Now let's dive into the SwiftLexicalLookup lookup API.

Usage

The API is stateless, traverses the syntax tree bottom-up, and collects names matching the lookup. It partitions results according to the scopes they were introduced in, which, for example, guides shadowing. Any syntax node can be an entry point for the query. Here's an example call to the API from an arbitrary syntax node:

someNode.lookup(myIdentifier, with: myConfig)

myIdentifier is an identifier that should be used to filter introduced (match names). It can be set to nil to skip name matching (as in the earlier example). myConfig is a LookupConfig object that allows clients to specify particular behavior during lookup (e.g., how to handle #if clauses). It can also be left out to provide default behavior.

The result is an array of LookupResult enums that represent different result kinds and flags (such as prompting where to perform member lookup). It associates names with the scopes where they were introduced. Speaking of names, they are also represented by an array of LookupName enums, which correspond to specific syntax nodes as queried names. These can be of specific kinds, such as: identifier, declaration, implicit, and more. LookupName also enables easy name extraction through LookupName.getNames(from:) which collects all syntax nodes that can be represented as a LookupName in the given syntax node.

This result data structure retains a good bit of information useful for clients and ensures flexibility for future maintenance and extensions.

Under the hood

Scopes are represented as extensions to specific syntax nodes with a new protocol, ScopeSyntax. Scopes reference each other through the parentScope property, which (by default) points to the closest scope ancestor in the syntax tree. The lookup method performs a lookup at a particular scope and passes the lookup to the parentScope. Inside the defaultIntroducedNames computed property, scopes can define names available within themselves regardless of lookup configurations or starting position (such names could include function parameters, variable declarations, and more). Here's the implementation of the for scope. Inside lookup, you can see how the API avoids names introduced at this scope based on the starting position.

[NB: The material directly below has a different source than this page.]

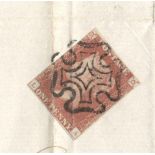 1841 IMPERFORATE PENNY RED STAMP ON ENTIRE LANCASTER / KENDAL WITH MALTESE CROSS (LA)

@_spi(Experimental) extension ForStmtSyntax: ScopeSyntax {
  /// Names introduced in the `for` body.
  @_spi(Experimental) public var defaultIntroducedNames: [LookupName] {
    LookupName.getNames(from: pattern)
  }

  @_spi(Experimental) public var scopeDebugName: String {
    "ForStmtScope"
  }

  /// Returns results with names matching lookup.
  /// Doesn't include names introduced at this scope
  /// if lookup started inside it's `pattern` or `sequence`.
  @_spi(Experimental) public func lookup(
    _ identifier: Identifier?,
    at lookUpPosition: AbsolutePosition,
    with config: LookupConfig
  ) -> [LookupResult] {
    if pattern.range.contains(lookUpPosition) || sequence.range.contains(lookUpPosition) {
      return lookupInParent(identifier, at: lookUpPosition, with: config)
    } else {
      return defaultLookupImplementation(identifier, at: lookUpPosition, with: config)
    }
  }
}

Some scopes are more complex than others, providing shared functionality or closely collaborating with other scopes to offer more advanced behavior. Let's see an example:

func foo<A>(a: A) {
  let b = 42
  x // <-- lookup here
}

Functions and nominal types can have generic parameter clauses that themselves introduce names. To generalize this behavior and simplify lookup from inside of it, the generic parameter clause is a scope on its own, but this introduces a bit of complexity. In the syntax tree representation, it's not an ancestor of the function body, it's a sibling! That's why there are two specialized scope kinds that provide alternative lookup routing: GenericParameterScopeSyntax and WithGenericParameterScopeSyntax. They ensure that the lookup passes through the generic parameter clause and doesn't create an infinite cycle on return.

Testing

One of the biggest challanges of this project, is properly testing and ensuring quality of the results. Integration of changes in a system that's supposed to replace an important piece in the compiler should be a top priority. That's why we came up with two ways of testing SwiftLexicalLookup.

Cheap "unit" tests

Inside swift-syntax, we've defined a suite of tests that are meant to test individual scope kinds and behaviors in isolation. These are standard XCTests with a custom harness function that are easy to write and inexpensive to run. Each test takes a snippet of code marked with markers and defines entry points for lookup along with the respective expected results.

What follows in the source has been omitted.